Friday, April 4, 1788

by Luther Martin

Number IV

To the Citizens of Maryland.

If those, my fellow citizens, to whom the administration of our government was about to be committed, had sufficient wisdom never to err, and sufficient goodness always to consult the true interest of the governed, and if we could have a proper security that their successors should to the end of time be possessed of the same qualifications, it would be impossible that power could be lavished upon them with too liberal a hand. Power absolute land unlimited, united with unerring wisdom and unbounded goodness, is the government of the Deity of the universe. But remember, my fellow citizens, that the persons to whom you are about to delegate authority are and will be weak, erring mortals, subject to the same passions, prejudices and infirmities with yourselves; and let it be deeply engraven on your hearts, that from the first history of government to the present time, if we begin with Nimrod and trace down the rulers of nations to those who are now invested with supreme power, we shall find few, very few, who have made the beneficent Governor of the universe the model of their conduct, while many are they who, on the contrary, have imitated the demons of the darkness.

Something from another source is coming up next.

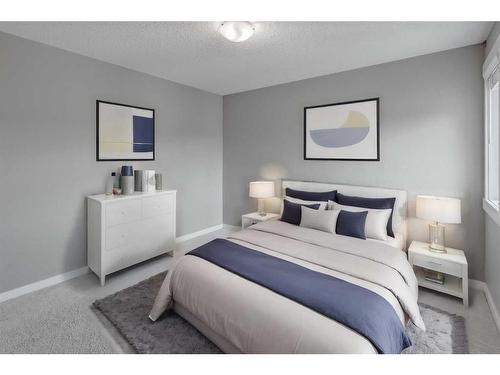 209 Kingsmere Cove Se, Airdrie, AB - Indoor Photo Showing Bedroom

We have no right to expect that our rulers will be more wise, more virtuous, or more perfect than those of other nations have been, or that they will not be equally under the influence of ambition, avarice and all that train of baleful passions, which have so generally proved the curse of our unhappy race. We must consider mankind such as they really are,—such as experience has shown them to be heretofore, and bids us expect to find them hereafter,—and not suffer ourselves to be misled by interested deceivers or enthusiastick visionaries; and therefore in forming a system of government, to delegate no greater power than is clearly and certainly necessary, ought to be the first principle with every people who are influenced by reason and a regard for their safety, and in doing this, they ought most solicitously to endeavour so to qualify even that power, by such checks and restraints, as to produce a perfect responsibility in those who are to exercise it, and prevent them from its abuse with a chance of impunity;—since such is the nature of man, that he has a propensity to abuse authority and to tyrannize over the rights of his fellowmen;—and to whomsoever power is given, not content with the actual deposit, they will ever strive to obtain an increase.

Those who would wish to excite and keep awake your jealousy and distrust are your truest friends; while they who speak peace to you when there is no peace—who would lull you into security, and wish you to repose blind confidence in your future governors—are your most dangerous enemies; jealousy and distrust are the guardian angels who watch over liberty—security and confidence are the forerunners of slavery. But the advocates of the system tell you that we who oppose it, endeavour to terrify you with mere possibilities which may never be realized, that all our objections consist in saying government may do this, and government may do that.—I will for argument sake admit the justice of this remark, and yet maintain that the objections are insurmountable. I consider it an incontrovertible truth, that whatever by the constitution government even may do, if it relates to the abuse of power by acts tyrannical and oppressive, it some time or other will do. Such is the ambition of man, and his lust for domination, that no power less than that which fixed its bounds to the ocean can say to them, “Thus far shall ye go and no farther.” Ascertain the limits of the may with ever so much precision, and let them be as extensive as you please, government will speedily reach their utmost verge; nor will it stop there, but soon will overleap those boundaries, and roam at large into the regions of the may not.

Those who tell you the government by this constitution may keep up a standing army, abolish the trial by jury, oppress the citizens of the states by its powers over the militia, destroy the freedom of the press, infringe the liberty of conscience, and do a number of other acts injurious and destructive of your rights, yet that it never will do so; and that you safely may accept such a constitution and be perfectly at ease and secure that your rulers will always be so good, so wise, and so virtuous—such emanations of the Deity—that they will never use their power but for your interest and your happiness, contradict the uniform experience of ages, and betray a total ignorance of human nature, or a total want of ingenuity.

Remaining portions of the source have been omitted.